• _Instructions to follow_: The material below has pictures in it. Set down only the lines from the line containing "Patrizia Pepe FLY BAMBY ZEMBRA - Handbag - Black/white 5" through the line containing "Piscina de Casa", word for word, and leave the pictures behind.

• _Dataset content_:
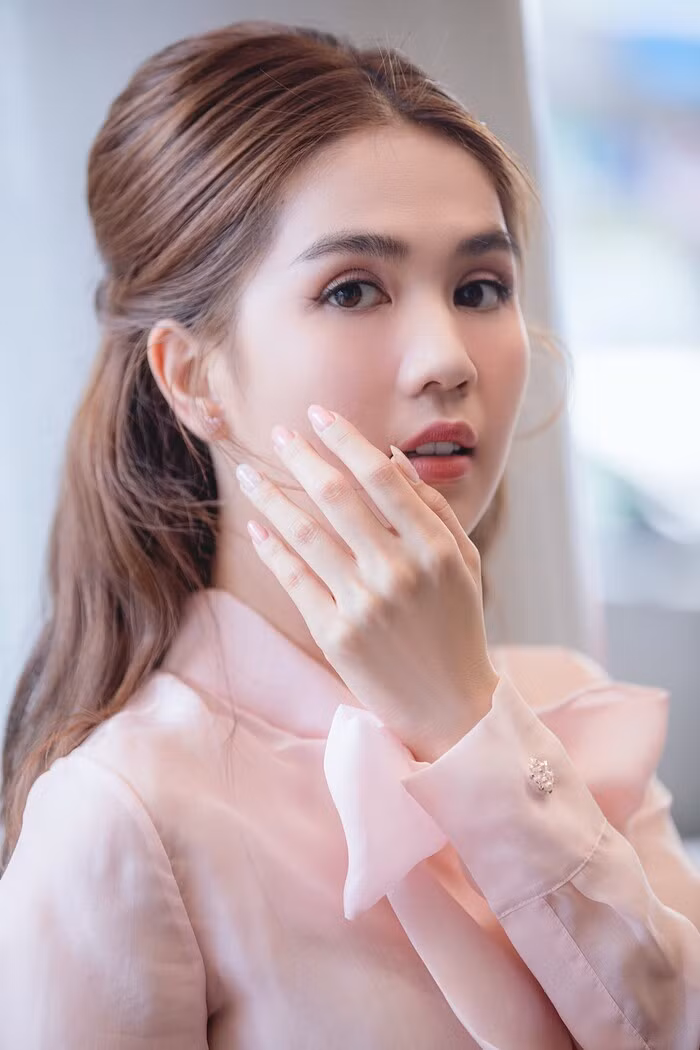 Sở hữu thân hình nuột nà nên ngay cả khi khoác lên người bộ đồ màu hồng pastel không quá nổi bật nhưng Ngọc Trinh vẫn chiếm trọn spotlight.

--

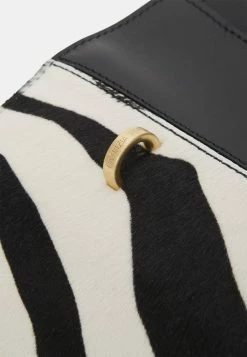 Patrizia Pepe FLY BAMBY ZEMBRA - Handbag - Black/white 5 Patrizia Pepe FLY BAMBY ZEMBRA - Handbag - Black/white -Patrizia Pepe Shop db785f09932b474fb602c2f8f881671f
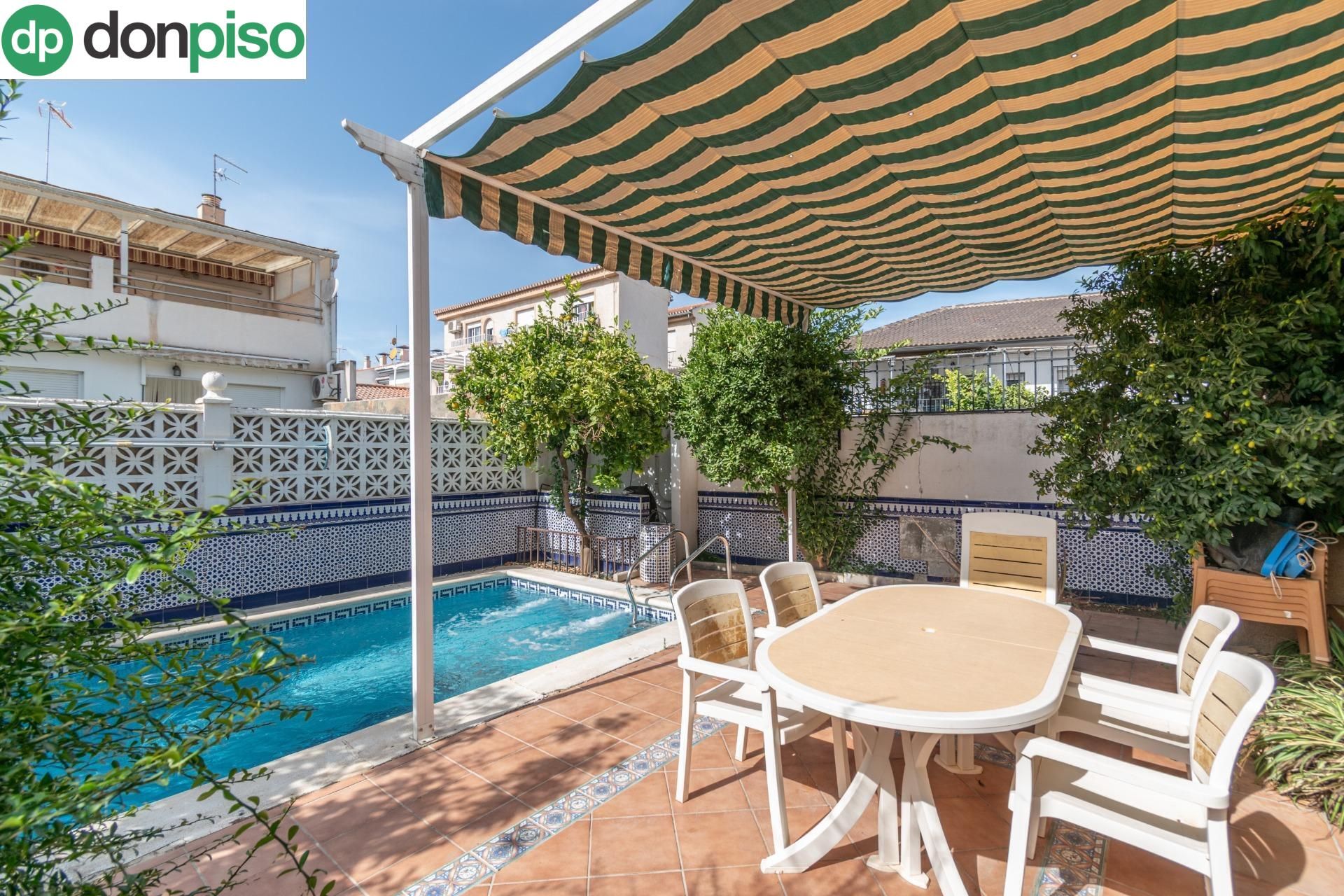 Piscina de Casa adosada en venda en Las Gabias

• _Reply to the exercise_:
 Patrizia Pepe FLY BAMBY ZEMBRA - Handbag - Black/white 5 Patrizia Pepe FLY BAMBY ZEMBRA - Handbag - Black/white -Patrizia Pepe Shop db785f09932b474fb602c2f8f881671f
 Piscina de Casa adosada en venda en Las Gabias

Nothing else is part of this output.